Clara Jarné Garasa, IES Andalán

Hace unos meses me encontraba sentada en un banco de Los Jardines de Lisboa, esperando a una amiga, que como era habitual, siempre llegaba tarde a las citas. Se aproximó un anciano, con su bastón y una sonrisa en su rostro, y me preguntó si se podía sentar un ratito.
--La edad no perdona, hija --me comentó--. Acabo de salir de casa y las piernas ya no me tienen.

Tenía ganas de conversar, y por qué no decirlo, yo de escucharle. Estábamos mirando la estación Zaragoza Delicias. Era difícil no hacerlo, puesto que la teníamos junto frente a nuestros ojos.
--¡Cómo ha cambiado este barrio! --comentó--. Recuerdo cuando tenía tu edad. Todo esto eran huertas. Preciosas y fértiles huertas. Pero la vida no era fácil aquí.

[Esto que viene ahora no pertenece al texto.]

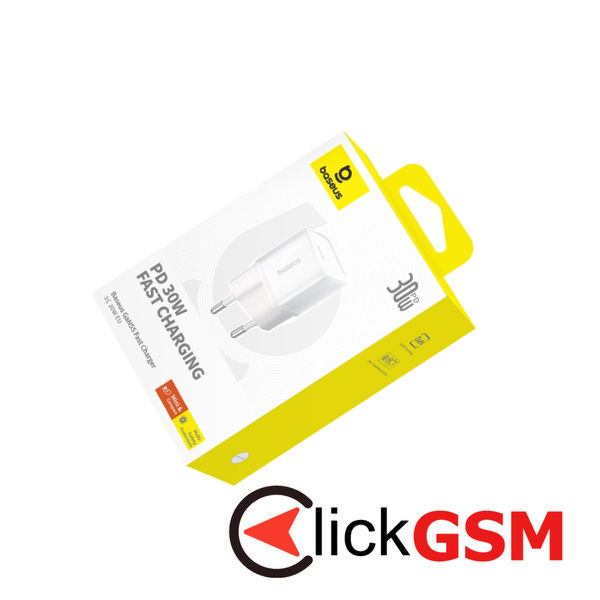 Baseus - Wall Charger Gallium Nitride (P10162504213-00) - GaN5S, Type-C, Fast Charge, 30W - White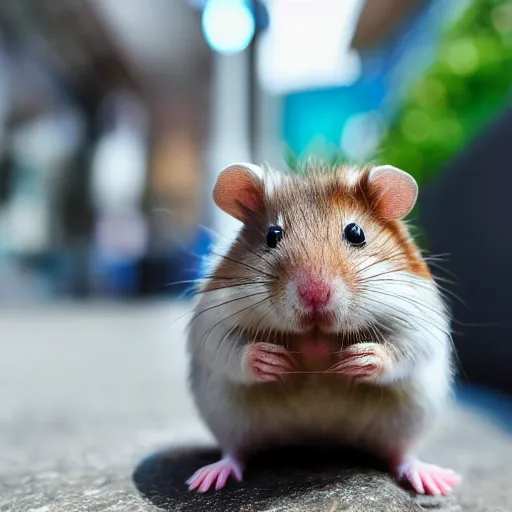 Prompt: photo of a hamster, outside a cinema, various poses, unedited, soft light, sharp focus, 8 k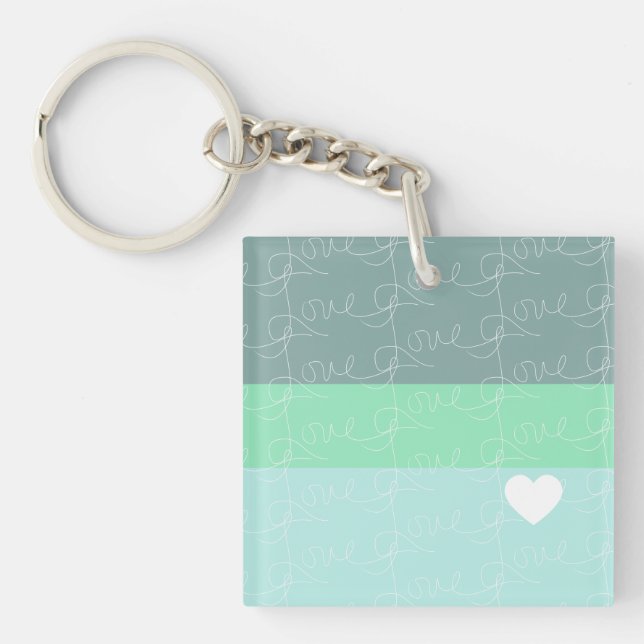 Valentines Heart Hand-Drawn Love Blue Green Key Ring (Front)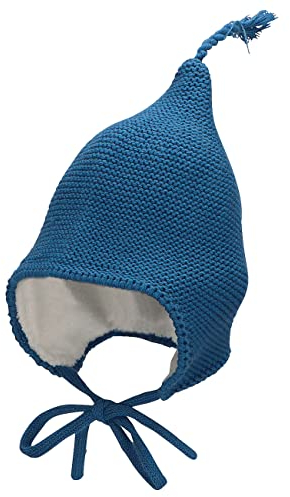 Sterntaler Baby Jungen Strickmütze GOTS - Zipfel Mütze aus Baumwolle Mit Bindeband - Mittelblau, 51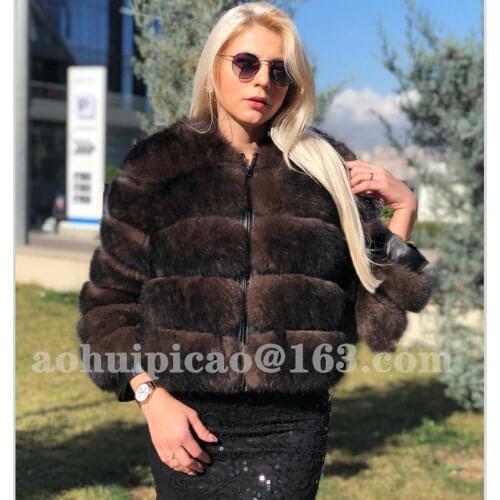 Winter Womens Short Detachable Natural Real Fox Fur Jacket Vest Fashion Casual Beautiful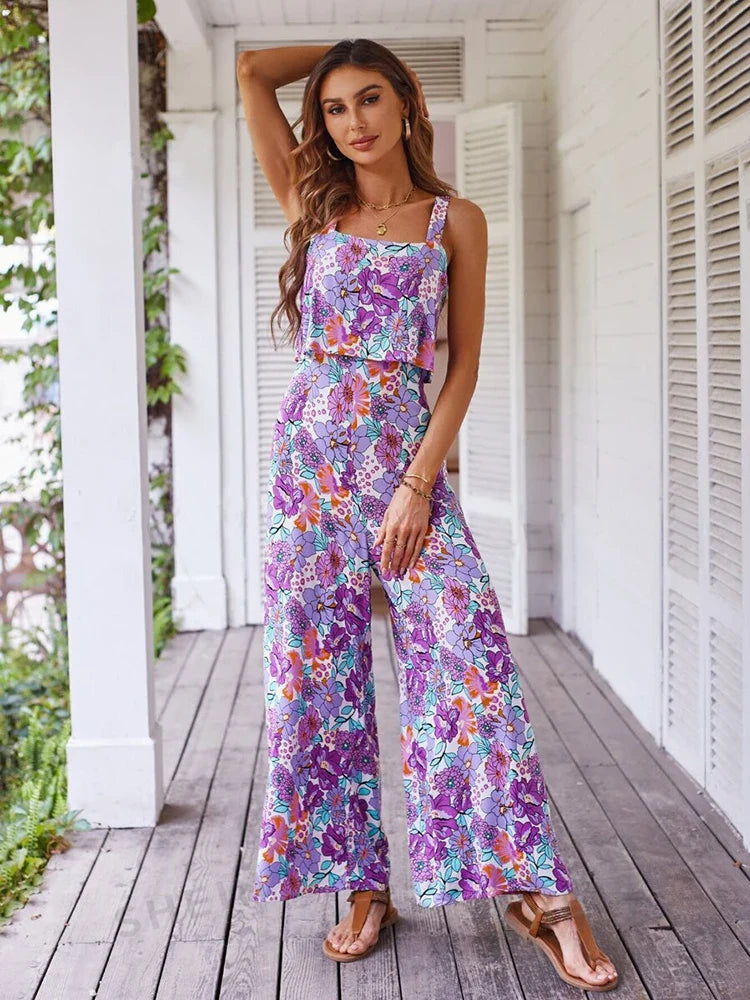 Elegant Long Jumpsuit Women Sexy Backless Wide Leg Jumpsuits Casual Sleeveless Floral Rompers Summer Clothes For Woman New PURPLE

El humo constante, el olor, la contaminación que provenía de La Química, hacían del barrio un lugar poco acogedor. También he visto desaparecer las huertas, y cómo poco a poco se han ido sustituyendo por edificios.

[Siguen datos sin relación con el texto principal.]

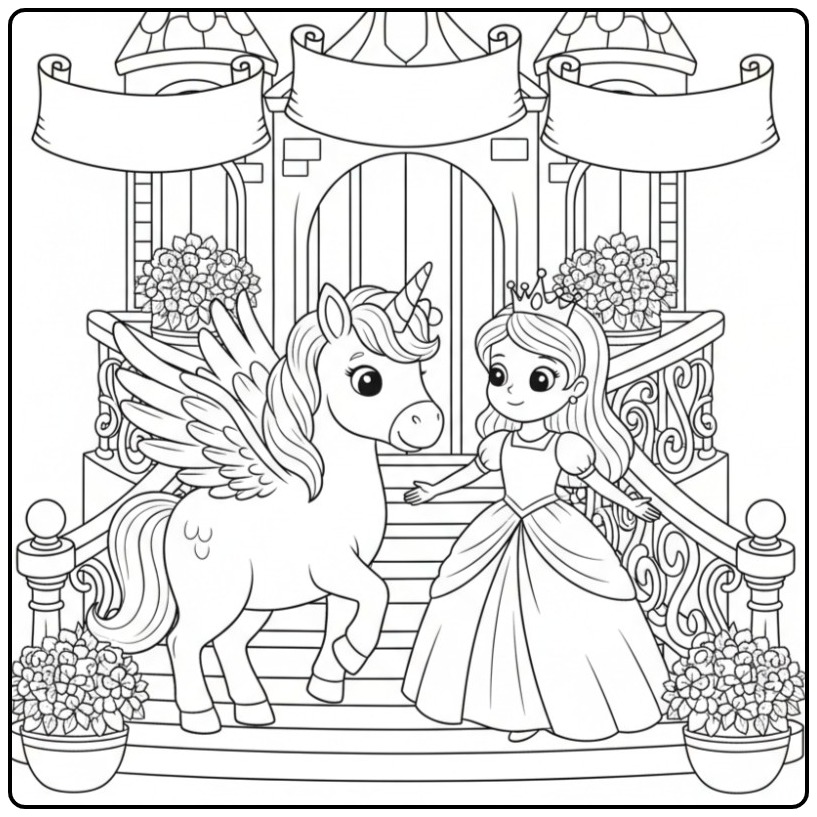 Sprookjes Unicorn with Wings and Princess coloring page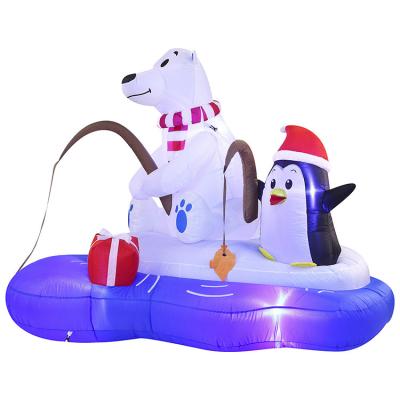 China Christamas Decoration Inflatable Christmas Decorations Polar Bear Outdoor Fishing Penguin With Led Light for sale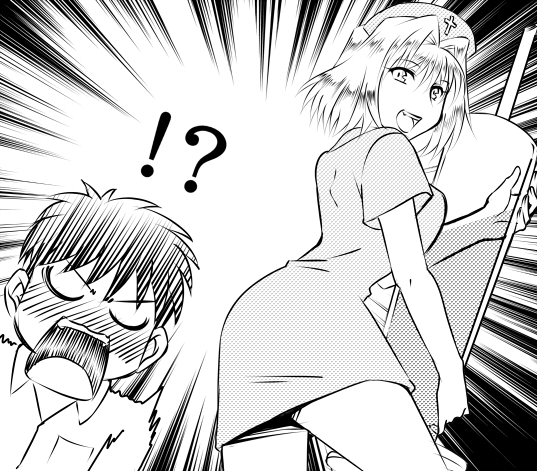 !? 1boy arcueid_brunestud blush breasts commentary_request dress emphasis_lines female from_behind greyscale hair_intakes hat large_breasts large_syringe monochrome nurse nurse_cap open_mouth oversized_object short_dress smile syringe tohno_shiki tsukihime urako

Su conversación me encantaba. No conocía, ni podía imaginar, que este barrio, mi barrio, hubiera podido cambiar tanto.
--Miro este barrio y no lo conozco. Cierro los ojos y todavía veo La Química, las vías del tren, las huertas que ocupaban gran parte del barrio. Veo las tierras rojizas que lo caracterizaban. Veo a las gentes humildes que con su duro y sacrificado trabajo en la industria, sacaban a sus familias adelante. Pero si abro los ojos veo lo que nunca hubiera podido imaginar. Un barrio bonito, agradable. Un barrio donde el presente en nada se parece al pasado.

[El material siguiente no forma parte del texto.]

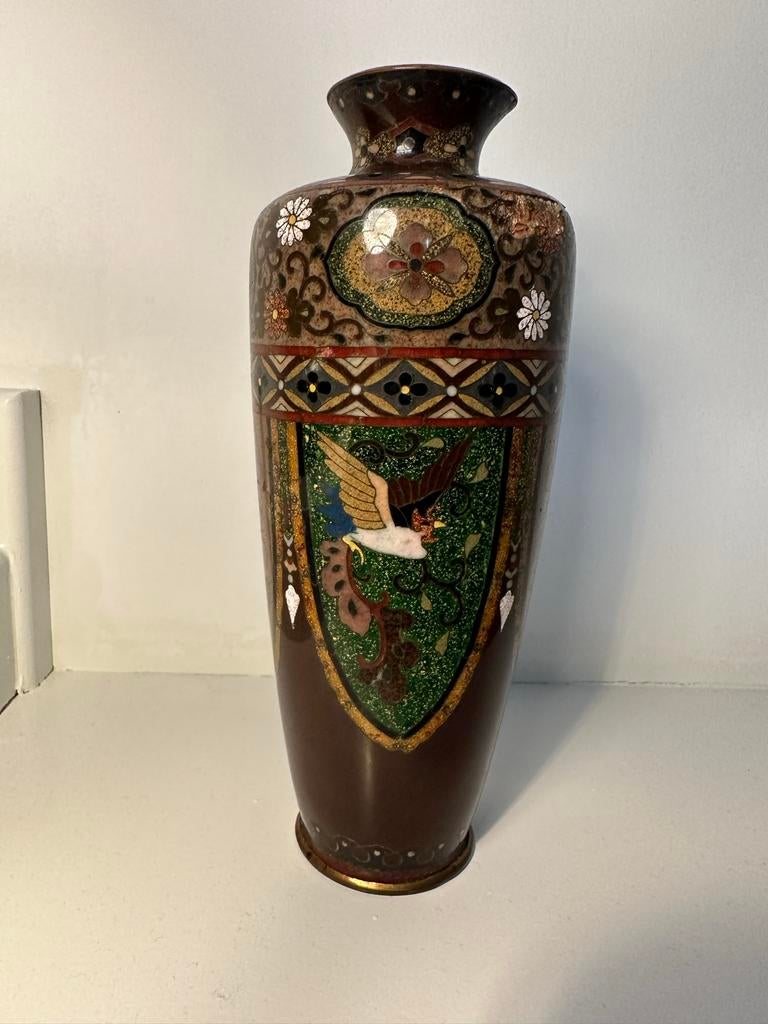 Antieke Cloisonné Vaas met Vogeldecoratie, Ophalen of Verzenden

"En los últimos cinco años, han sucedido cosas que, aun viéndolas, me cuesta creer. Las comunicaciones y accesos con el barrio de Delicias. Antes las vías del tren y la autopista eran una barrera que nos separaba del resto de la ciudad. Ahora todo es distinto. Y la Expo. Esto sí que fue una bendición para el barrio. Se mejoró, se adecentaron las riberas, se cuidaron muchos detalles. En fin, una auténtica maravilla. Lo único que siento es no poder disponer ya de mucho tiempo para disfrutarlo. Siento que la vida no me va a conceder muchos años para saborear y gozar lo que cuando tenía tu edad no viví. Pero tú serás quien lo haga por mí."

Mire a sus ojos. Las lágrimas asomaban y se deslizaban por sus profundas arrugas. Me miró, se despidió, y se marchó. Cuando llegó mi amiga me preguntó qué me pasaba.
--Tu retraso en venir --le dije-- ha sido el mejor regalo que hoy me podías haber hecho.